Non-Linearity: Unlike traditional collaborative filtering methods like matrix factorization, NCFs employ neural networks, allowing it to capture non-linear relationships between users and items. This enables the NCF to model complex user-item interactions more accurately, leading to better recommendation performance.
Flexibility: NCFs offer flexibility in modeling various types of data and interactions. The architecture of NCF can be customized with multiple layers and different activation functions, providing flexibility in capturing diverse patterns in user behavior and preferences.
Scalability: Neural networks are highly scalable and can handle large-scale datasets efficiently. NCFs can process massive amounts of user-item interactions and learn from implicit feedback, making it suitable for real-world recommendation systems deployed in large-scale online platforms. Moreover, advancements in hardware and distributed computing further enhance the scalability of NCF models, allowing them to serve millions of users and items with low latency

Issues with NCF

Now, let’s discuss the three biggest shortcomings of the Neural Collaborative Filtering method:

Cold Start Problem: Like many recommendation systems, NCF struggles with the cold start problem, where it’s challenging to provide accurate recommendations for new users or items with limited interaction data. Since NCF relies on historical interactions between users and items to make predictions, it may not perform well when there’s insufficient data for new entities.
Data Sparsity: In real-world scenarios, user-item interaction data is often sparse, meaning that most users have only interacted with a small subset of items. This data sparsity can lead to challenges in learning accurate user and item embeddings, potentially resulting in suboptimal recommendations.
Interpretability and Transparency: NCF models are often seen as “black boxes,” meaning their internal workings are not easily interpretable. This lack of transparency can be problematic for understanding why certain recommendations are made, which is crucial for trust and user satisfaction. This issue limits the ability to provide explanations for recommendations, which is increasingly important for user trust and regulatory compliance (e.g., GDPR). It also makes it harder for developers to diagnose and improve model performance effectively.

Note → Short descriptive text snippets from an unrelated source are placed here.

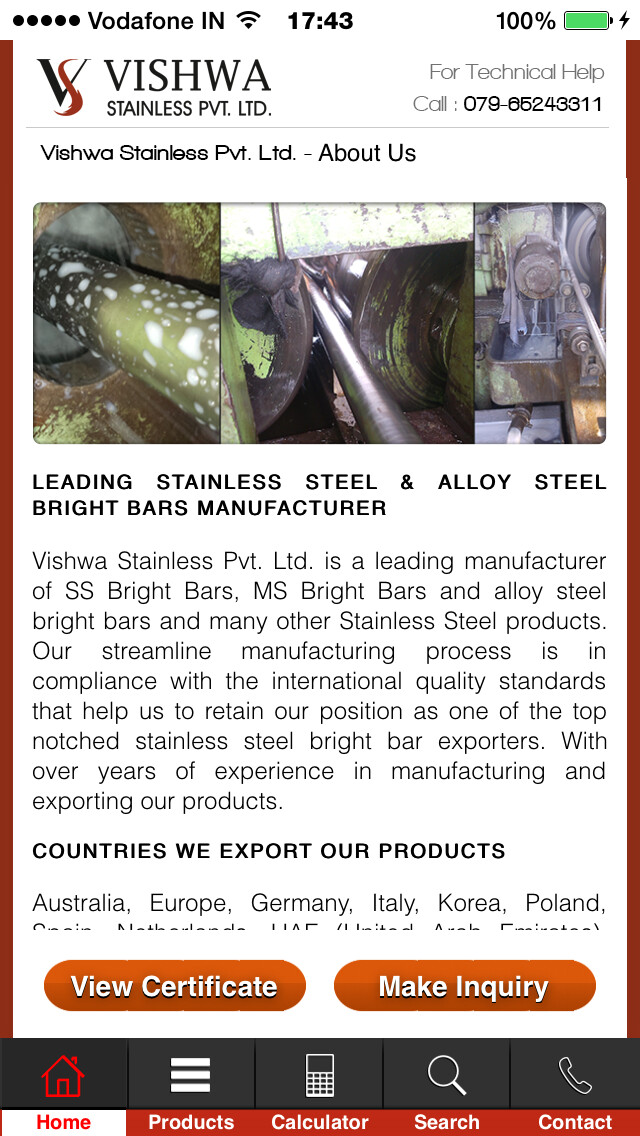 Emulate iPhone app Vishwa Stainless using MyAndroid Emulate iPhone app Vishwa Stainless using MyAndroid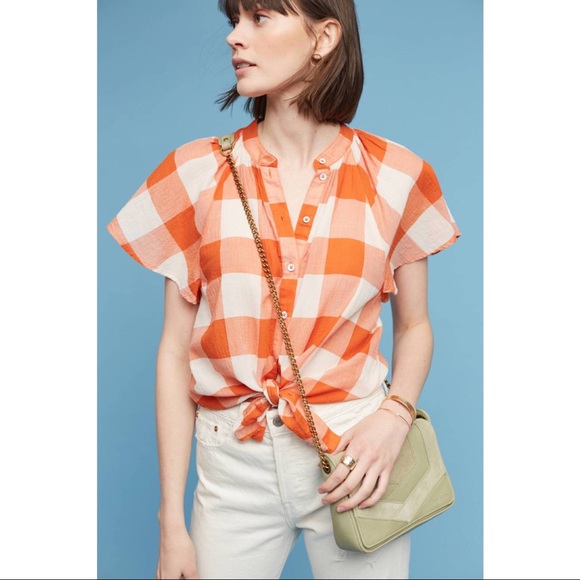 Anthropologie Tops - Maeve Gingham Flutter Top
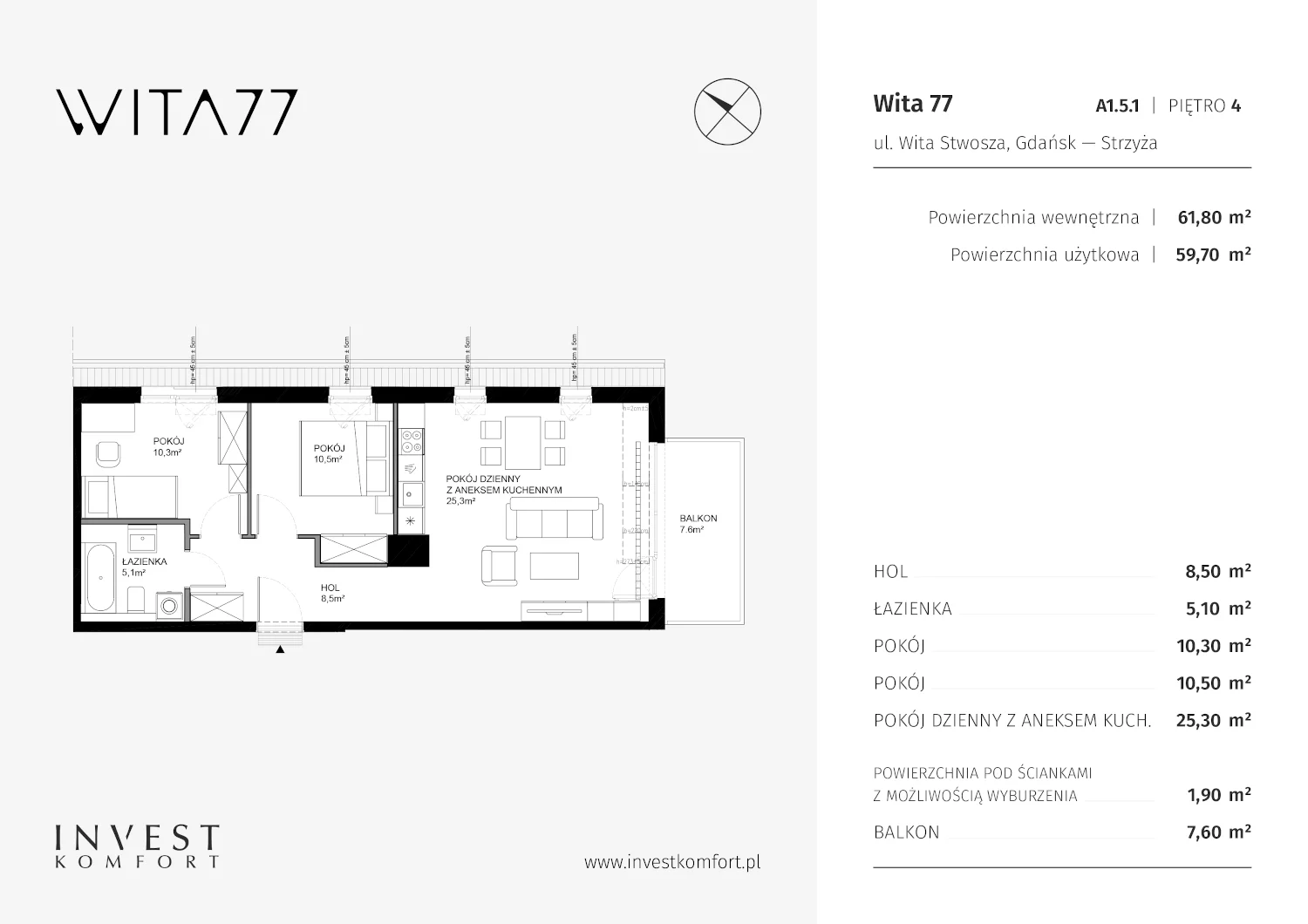 Mieszkanie 61,80 m², piętro 4, oferta nr A1.5.1, Wita 77, Gdańsk, Strzyża, ul. Wita Stwosza 77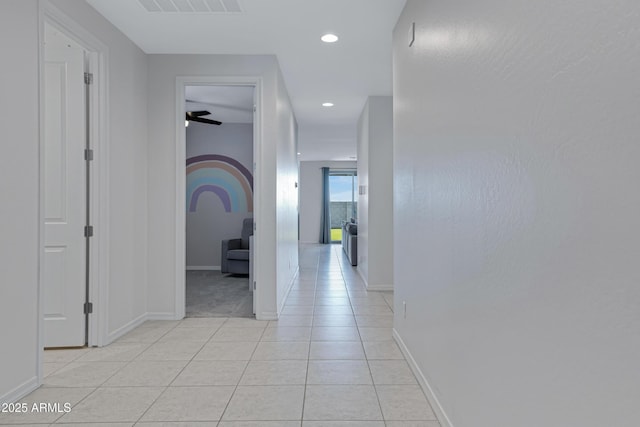 36257 W San Clemente Ave, Maricopa, AZ 85138 - hallway featuring baseboards, visible vents, recessed lighting, and light tile patterned floors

These shortcomings highlight the need for ongoing research and development to address the challenges associated with collaborative filtering methods like NCF.

Conclusion

As the digital landscape continues to evolve, the demand for personalized recommendation systems will only grow. In this context, NCF emerges as a groundbreaking approach, reshaping the way we perceive collaborative filtering and unlocking new possibilities for delivering tailored recommendations to users worldwide. With its ability to learn from raw data and capture complex user-item interactions, NCFs are a strong performer in the field of recommendation systems.